SUMMARY OF THE INVENTION It is an object of the present invention to provide a water-blocking material for an optical fiber cable which is excellent in water running prevention, coating buffering properties, etc., and which is excellent in cable formability during cable connection work and cable production. Is to do.

[0008]

The present inventors have Means for Solving the Problems] As a result of extensive studies to solve the above problems, alpha-olefin also
Is a reaction between a vinyl compound and maleic anhydride or a derivative thereof.
Copolymer (hereinafter referred to as maleic anhydride copolymer) and
And acrylic acid or methacrylic acid as the main monomer
From coalescing (hereinafter referred to as (meth) acrylic acid-based polymer)
One or more addition polymer systems selected from the group consisting of
A polymer carboxyl group-containing polymer (hereinafter, carbo
1) selected from the group consisting of a neutralized product (A) obtained by reacting a basic substance with a xyl group-containing polymer ), a polyvalent epoxy compound and a polyvalent amine compound.
The present inventors have found that the above object can be achieved by applying a mixture of a kind or two or more kinds of a crosslinking agent (B) and a polyhydric alcohol (C) to a support and providing a water-blocking material obtained by crosslinking treatment. Completed the invention.
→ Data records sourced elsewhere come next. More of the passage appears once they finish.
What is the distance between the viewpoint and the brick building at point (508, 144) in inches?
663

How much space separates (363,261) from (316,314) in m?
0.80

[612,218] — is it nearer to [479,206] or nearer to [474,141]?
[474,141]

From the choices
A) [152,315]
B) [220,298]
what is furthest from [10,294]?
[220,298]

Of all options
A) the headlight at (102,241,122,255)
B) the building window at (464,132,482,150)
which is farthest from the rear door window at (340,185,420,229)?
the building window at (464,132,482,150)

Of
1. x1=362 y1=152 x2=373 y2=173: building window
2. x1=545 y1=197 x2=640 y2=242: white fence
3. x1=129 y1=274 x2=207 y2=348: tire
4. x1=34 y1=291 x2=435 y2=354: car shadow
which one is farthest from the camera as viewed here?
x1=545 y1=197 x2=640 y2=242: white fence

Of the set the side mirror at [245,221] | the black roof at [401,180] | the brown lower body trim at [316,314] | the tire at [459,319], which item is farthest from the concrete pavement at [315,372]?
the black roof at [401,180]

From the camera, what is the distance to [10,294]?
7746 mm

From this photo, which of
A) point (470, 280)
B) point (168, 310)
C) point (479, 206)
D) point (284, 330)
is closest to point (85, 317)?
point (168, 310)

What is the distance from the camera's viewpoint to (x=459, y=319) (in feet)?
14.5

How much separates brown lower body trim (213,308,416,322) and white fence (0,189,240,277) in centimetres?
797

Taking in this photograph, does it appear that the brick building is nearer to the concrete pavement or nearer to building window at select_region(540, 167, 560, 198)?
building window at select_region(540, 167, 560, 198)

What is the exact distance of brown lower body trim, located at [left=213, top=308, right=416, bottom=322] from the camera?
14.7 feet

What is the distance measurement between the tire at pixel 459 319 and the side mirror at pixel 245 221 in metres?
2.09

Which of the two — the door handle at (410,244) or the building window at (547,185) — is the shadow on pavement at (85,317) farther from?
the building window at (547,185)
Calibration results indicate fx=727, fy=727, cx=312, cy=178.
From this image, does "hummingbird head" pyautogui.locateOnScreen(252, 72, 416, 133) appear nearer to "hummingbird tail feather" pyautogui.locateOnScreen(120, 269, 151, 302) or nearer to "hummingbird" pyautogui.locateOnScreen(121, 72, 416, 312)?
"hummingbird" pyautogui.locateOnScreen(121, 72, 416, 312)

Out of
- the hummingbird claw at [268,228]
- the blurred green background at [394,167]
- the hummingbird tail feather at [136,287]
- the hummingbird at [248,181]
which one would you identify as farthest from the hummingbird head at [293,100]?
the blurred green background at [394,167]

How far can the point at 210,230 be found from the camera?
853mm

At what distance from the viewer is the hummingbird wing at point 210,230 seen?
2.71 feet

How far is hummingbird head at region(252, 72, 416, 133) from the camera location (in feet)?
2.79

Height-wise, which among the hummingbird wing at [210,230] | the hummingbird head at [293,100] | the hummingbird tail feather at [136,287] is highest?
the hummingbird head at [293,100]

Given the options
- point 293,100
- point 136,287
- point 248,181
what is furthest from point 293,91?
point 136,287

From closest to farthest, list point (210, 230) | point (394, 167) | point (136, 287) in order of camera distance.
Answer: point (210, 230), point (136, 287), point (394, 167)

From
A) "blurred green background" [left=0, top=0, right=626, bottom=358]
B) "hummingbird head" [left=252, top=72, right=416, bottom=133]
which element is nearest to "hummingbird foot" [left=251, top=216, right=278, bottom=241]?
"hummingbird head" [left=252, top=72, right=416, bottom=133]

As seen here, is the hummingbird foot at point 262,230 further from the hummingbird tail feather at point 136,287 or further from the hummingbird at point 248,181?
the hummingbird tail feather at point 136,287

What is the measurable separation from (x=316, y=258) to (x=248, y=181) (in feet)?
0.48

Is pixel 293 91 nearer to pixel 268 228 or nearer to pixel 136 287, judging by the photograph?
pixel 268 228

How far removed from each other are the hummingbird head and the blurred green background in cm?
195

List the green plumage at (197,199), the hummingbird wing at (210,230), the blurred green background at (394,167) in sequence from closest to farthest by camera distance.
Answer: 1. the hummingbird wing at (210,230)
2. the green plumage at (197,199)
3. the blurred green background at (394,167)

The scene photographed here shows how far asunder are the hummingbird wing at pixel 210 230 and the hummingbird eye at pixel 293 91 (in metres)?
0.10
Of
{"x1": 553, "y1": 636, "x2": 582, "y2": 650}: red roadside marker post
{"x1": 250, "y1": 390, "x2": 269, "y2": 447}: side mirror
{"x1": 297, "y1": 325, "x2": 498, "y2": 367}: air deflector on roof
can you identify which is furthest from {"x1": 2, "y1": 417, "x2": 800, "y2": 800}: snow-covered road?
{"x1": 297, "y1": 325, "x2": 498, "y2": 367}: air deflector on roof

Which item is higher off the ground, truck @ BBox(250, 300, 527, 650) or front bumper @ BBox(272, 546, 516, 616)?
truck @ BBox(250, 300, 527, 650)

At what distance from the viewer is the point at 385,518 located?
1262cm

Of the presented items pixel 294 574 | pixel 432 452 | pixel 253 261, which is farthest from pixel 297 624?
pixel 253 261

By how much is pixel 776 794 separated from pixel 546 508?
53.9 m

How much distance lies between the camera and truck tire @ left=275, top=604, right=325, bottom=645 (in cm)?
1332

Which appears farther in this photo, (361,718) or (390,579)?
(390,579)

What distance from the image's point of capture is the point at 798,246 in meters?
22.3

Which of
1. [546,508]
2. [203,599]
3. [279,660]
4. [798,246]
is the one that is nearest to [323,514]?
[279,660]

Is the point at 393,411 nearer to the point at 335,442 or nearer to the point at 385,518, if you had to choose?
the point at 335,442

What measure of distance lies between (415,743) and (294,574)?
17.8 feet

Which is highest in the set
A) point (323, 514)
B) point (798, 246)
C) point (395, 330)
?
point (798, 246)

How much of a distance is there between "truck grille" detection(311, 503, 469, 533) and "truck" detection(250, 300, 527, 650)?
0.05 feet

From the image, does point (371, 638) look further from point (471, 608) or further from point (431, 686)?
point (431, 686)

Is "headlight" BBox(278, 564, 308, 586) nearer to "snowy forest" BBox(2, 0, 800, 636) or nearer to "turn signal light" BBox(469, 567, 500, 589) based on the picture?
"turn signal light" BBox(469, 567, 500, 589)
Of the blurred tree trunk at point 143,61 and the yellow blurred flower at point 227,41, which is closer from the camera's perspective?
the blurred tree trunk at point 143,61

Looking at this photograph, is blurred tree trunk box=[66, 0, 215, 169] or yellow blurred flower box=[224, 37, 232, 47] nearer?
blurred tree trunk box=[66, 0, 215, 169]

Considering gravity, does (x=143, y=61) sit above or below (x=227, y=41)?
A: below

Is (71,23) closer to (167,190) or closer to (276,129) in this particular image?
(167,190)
In the above, the α-olefin means a linear or branched unsaturated hydrocarbon having 2 to 12, preferably 2 to 8 carbon atoms, such as ethylene, propylene, butene-1, Butene-2, isobutylene, 1-
Pentene, 2-methyl-1-butene, 1-hexene, 2
-Methyl-1-pentene, 3-methyl-1-pentene,
4-methyl-1-pentene, 2-ethyl-1-butene,
Diisobutylene, 2-methyl-4-dimethyl-1-pentene, 2-methyl-4-dimethyl-2-pentene and the like. Here, isobutylene also includes a mixture containing isobutylene as a main component, for example, a return BB.
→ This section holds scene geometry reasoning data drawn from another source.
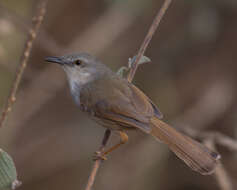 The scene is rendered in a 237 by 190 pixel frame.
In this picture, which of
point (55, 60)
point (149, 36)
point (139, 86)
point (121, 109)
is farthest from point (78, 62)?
point (139, 86)

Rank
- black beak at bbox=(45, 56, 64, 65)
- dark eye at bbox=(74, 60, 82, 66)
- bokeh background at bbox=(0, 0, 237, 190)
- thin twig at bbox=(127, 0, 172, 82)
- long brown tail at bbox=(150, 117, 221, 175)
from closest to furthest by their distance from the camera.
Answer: thin twig at bbox=(127, 0, 172, 82), long brown tail at bbox=(150, 117, 221, 175), black beak at bbox=(45, 56, 64, 65), dark eye at bbox=(74, 60, 82, 66), bokeh background at bbox=(0, 0, 237, 190)

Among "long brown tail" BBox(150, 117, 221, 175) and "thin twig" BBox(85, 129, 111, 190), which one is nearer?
"thin twig" BBox(85, 129, 111, 190)

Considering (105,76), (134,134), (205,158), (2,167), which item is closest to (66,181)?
(134,134)

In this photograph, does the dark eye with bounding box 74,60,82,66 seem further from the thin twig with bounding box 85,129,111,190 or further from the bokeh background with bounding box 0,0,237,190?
the bokeh background with bounding box 0,0,237,190

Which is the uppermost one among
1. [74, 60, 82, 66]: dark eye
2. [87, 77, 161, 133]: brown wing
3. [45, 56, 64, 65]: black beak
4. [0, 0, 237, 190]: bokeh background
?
[45, 56, 64, 65]: black beak

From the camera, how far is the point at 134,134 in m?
6.68

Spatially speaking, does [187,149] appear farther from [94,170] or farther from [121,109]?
[94,170]

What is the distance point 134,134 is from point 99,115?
3.28 meters

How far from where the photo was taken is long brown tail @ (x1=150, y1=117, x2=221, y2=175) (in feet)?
10.8

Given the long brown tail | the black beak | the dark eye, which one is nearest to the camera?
the long brown tail

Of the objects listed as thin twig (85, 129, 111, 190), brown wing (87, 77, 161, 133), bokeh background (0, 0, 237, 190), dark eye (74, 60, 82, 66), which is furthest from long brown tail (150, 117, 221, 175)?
bokeh background (0, 0, 237, 190)

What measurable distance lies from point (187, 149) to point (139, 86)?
12.0 ft

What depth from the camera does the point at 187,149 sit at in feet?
11.0

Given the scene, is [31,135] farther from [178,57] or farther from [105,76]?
[105,76] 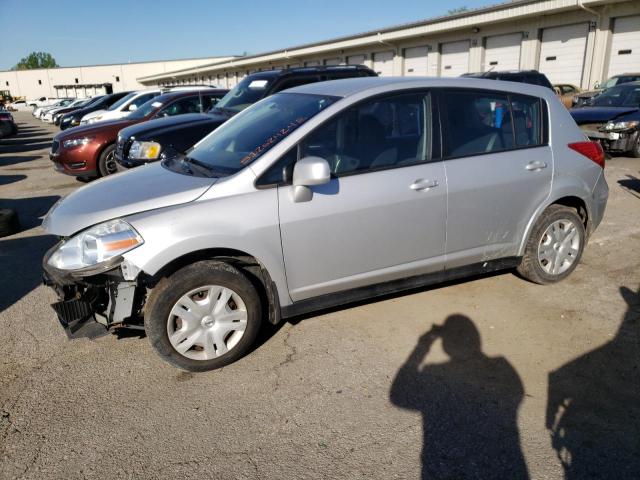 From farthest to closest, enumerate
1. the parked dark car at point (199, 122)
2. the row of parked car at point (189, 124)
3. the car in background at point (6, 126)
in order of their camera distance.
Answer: the car in background at point (6, 126)
the row of parked car at point (189, 124)
the parked dark car at point (199, 122)

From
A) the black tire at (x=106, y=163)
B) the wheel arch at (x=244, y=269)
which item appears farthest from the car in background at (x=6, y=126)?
the wheel arch at (x=244, y=269)

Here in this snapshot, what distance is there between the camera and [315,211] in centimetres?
344

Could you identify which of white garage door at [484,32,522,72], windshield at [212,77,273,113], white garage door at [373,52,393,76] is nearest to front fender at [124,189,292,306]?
windshield at [212,77,273,113]

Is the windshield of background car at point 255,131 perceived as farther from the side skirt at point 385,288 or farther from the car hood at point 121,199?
the side skirt at point 385,288

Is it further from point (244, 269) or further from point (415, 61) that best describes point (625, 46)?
point (244, 269)

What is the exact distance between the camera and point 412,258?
3.91 meters

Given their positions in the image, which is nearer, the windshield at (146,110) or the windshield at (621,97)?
the windshield at (146,110)

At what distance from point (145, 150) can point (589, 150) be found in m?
5.56

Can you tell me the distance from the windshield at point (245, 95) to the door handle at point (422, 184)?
506 centimetres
The vinyl compound refers to an unsaturated compound copolymerizable with maleic anhydride, for example, an aromatic olefin such as styrene, an unsaturated halogen compound such as vinyl chloride, an unsaturated ester such as vinyl acetate or vinyl propionate. , Unsaturated ethers such as methyl vinyl ether,
Examples include unsaturated nitriles such as acrylonitrile, acrylates, and vinyl alcohol obtained by saponifying vinyl acetate.
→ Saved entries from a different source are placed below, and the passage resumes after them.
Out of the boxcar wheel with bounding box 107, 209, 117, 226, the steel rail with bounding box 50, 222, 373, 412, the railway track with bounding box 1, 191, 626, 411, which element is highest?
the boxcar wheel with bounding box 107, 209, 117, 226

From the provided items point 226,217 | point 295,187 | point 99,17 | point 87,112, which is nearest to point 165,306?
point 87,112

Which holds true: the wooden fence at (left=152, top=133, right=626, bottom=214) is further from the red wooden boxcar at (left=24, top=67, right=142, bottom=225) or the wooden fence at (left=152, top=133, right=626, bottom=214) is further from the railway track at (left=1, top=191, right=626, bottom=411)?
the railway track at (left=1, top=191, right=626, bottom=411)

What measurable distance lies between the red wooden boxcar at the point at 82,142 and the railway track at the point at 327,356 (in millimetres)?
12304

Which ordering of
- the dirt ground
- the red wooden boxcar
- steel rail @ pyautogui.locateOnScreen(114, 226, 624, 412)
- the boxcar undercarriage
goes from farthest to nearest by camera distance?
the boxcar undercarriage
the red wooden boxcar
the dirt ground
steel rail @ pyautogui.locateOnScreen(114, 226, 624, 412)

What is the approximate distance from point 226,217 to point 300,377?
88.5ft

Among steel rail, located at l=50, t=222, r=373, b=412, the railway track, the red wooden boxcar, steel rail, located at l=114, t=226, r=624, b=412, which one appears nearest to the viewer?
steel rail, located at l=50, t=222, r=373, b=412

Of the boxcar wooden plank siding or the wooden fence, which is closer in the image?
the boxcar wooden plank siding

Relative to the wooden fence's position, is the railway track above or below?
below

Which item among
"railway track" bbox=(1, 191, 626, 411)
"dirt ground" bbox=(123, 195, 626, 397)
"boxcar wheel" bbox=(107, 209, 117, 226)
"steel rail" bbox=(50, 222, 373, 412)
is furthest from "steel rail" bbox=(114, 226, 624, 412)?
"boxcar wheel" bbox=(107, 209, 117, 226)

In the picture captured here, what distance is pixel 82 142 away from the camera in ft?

These monomers may be used alone,
Also, two or more types may be used in combination. Of these monomers, α-olefins such as ethylene and isobutylene, styrene and methyl vinyl ether are preferably used, but the use of α-olefins, especially isobutylene, is well suited to the purpose of the present invention.

The derivatives of maleic anhydride include maleic acid, maleic esters and the like. The composition ratio between the α-olefin or vinyl compound and maleic anhydride in the maleic anhydride-based copolymer is such that the reaction product (neutralized product) obtained by reacting the produced copolymer with a basic substance is Any amount can be used as long as it is soluble in water. In the case of each copolymer of ethylene, isobutylene, styrene or methyl vinyl ether and maleic anhydride preferably used in the present invention,
Ethylene, isobutylene, styrene or methyl vinyl ether is used in an amount of about 1 to 3 moles, usually about 1 mole, per mole of maleic anhydride.

[0013] The molecular weight of these copolymers, in dimethylformamide solution, and the intrinsic viscosity [eta] measured at 30 ° C.
And usually, 0.1~8 (dl / g), good Mashiku is 0.2
A 5 (dl / g). If the intrinsic viscosity is less than 0.1, the crosslinking is insufficient and the gel strength in the water-swelling state becomes extremely weak.
Problems such as dissolution of part of the coating layer in water
I will. On the other hand, when the intrinsic viscosity is larger than 8, the solution viscosity when it is made into a solution becomes too large, and there is a problem in workability and production.

The above (meth) acrylic acid polymer is a polymer obtained by polymerizing acrylic acid or methacrylic acid. In addition, poly (meth) acrylates, poly (meth) acrylates, Also included are those obtained by hydrolyzing acrylonitrile, poly (meth) acrylamide, and the like . (Meth) may be a small amount copolymerization copolymerizable vinyl compounds in the acrylic acid-based polymer.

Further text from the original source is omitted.